1989 was a crazy time behind the iron curtain. Solidarity was causing chaos in Poland. Revolution was starting in Hungary. Gorbechov was experimenting with reform in the USSR. Thousands were protesting in East Germany. In October the long serving and very ill leader Erich Honecker stepped down. He was replaced by Egos Krenz who promised change. The public wasn’t buying it. New head ,same policies. Opposition burgeoned.

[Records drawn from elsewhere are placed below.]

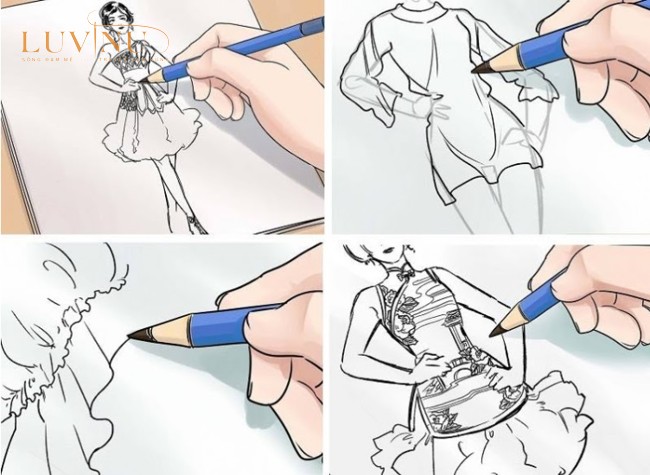 Cách vẽ minh họa mỹ nhân cổ trang bằng bút vẽ kỹ thuật và chì màu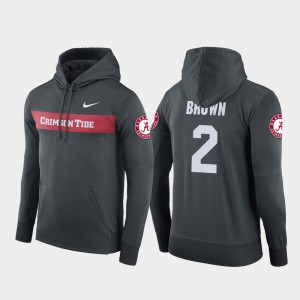 Men's Alabama Crimson Tide #2 Tony Brown Anthracite Football Performance Sideline Seismic Hoodie 953193-591
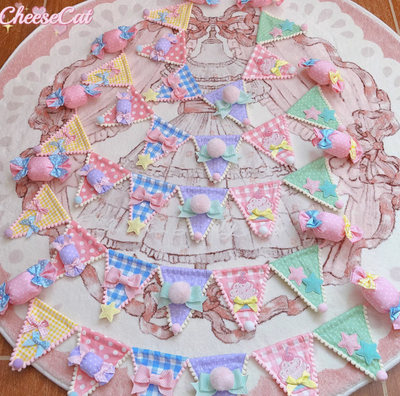 (Buyforme)Cheese Cat~Sweet Lolita Plaid Candy Bow Flags Brooch   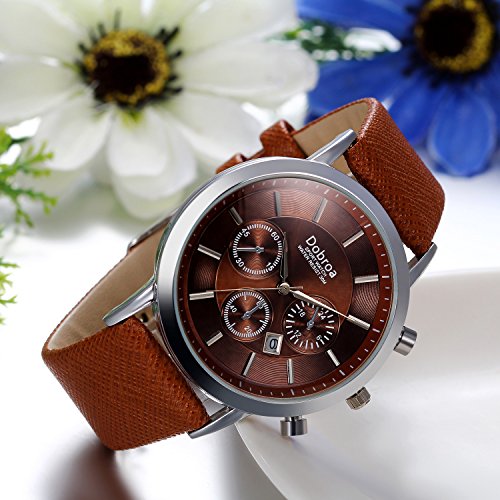JewelryWe Clásico Relojes De Hombre Caballero, Grande Reloj con Calendario Correa de Cuero Marrón Reloj Cuarzo Casual Buen Regalo para Navidad Cumpleaños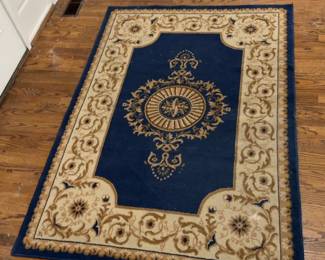 Traditional Navy Blue and Beige Area Rug with Central Medallion 52” x 75”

The wall had been built in 1961 ostensibly to protect the Eastern Bloc from the fascists elements who were preventing the construction of a socialist state. It was called the anti-fascist protection rampart. Really it was to stop a brain drain. And to stop comparisons between the thriving capitalist western part of the city and the failing communist Soviet controlled part. Berlin, like the rest of Germany had been divided in four after WWII. The USSR, Great Britain, France and the USA were each in control of a quarter. Stalin separated his portion from the rest ideologically, politically and finally physically with the wall.

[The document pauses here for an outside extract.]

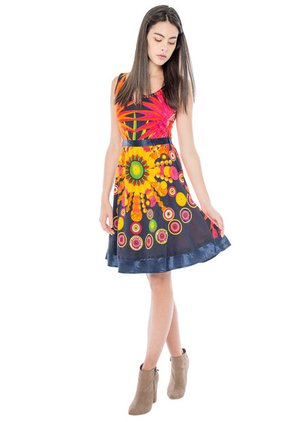 Vestido Desigual Azul Oscuro-Rojo-Naranja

Things started to spiral almost immediately for Egos Krenz. On Nov 1 he’d reopened the once fluid border with Czechoslovakia. It had been closed to prevent people taking advantage of a loophole in the laws. Once Eastern German citizens were in fellow communist Czechoslovakia they could apply at the West German embassy for asylum. There was a stampede of people leaving while they could. This caused huge headaches for both the Czechs and the Germans. When Krenz threatened to close it again there were massive demonstrations at Alexander Platz on Nov 4. The government published “new” but largely cosmetic changes to travel regulations on Nov 6. People were enraged. The government handed their unofficial spokesman, Gunter Schabowski a note about yet another batch of new regulations. In a land where complete information was rarely shared, he held a press conference on Nov 9 announcing that private travel would finally be allowed. When asked when, he replied “As far as I know , it takes effect immediately.”
Excited local TV stations spread the news. This is not what his bosses had planned. Things were to be introduced gradually. But people took Schabowski at his word and stormed the gates. No one gave orders to fire, baffled border agents stood back and let people pass. They were greeted with flowers and champagne on the other side. The wall was down. Reunification took place less than a year later.
Today Berlin is celebrating with light shows, art installations and a huge open air concert at the Brandenburg Gate.
Well written.
Thank you 😊
It was so good to see they free to travel at last..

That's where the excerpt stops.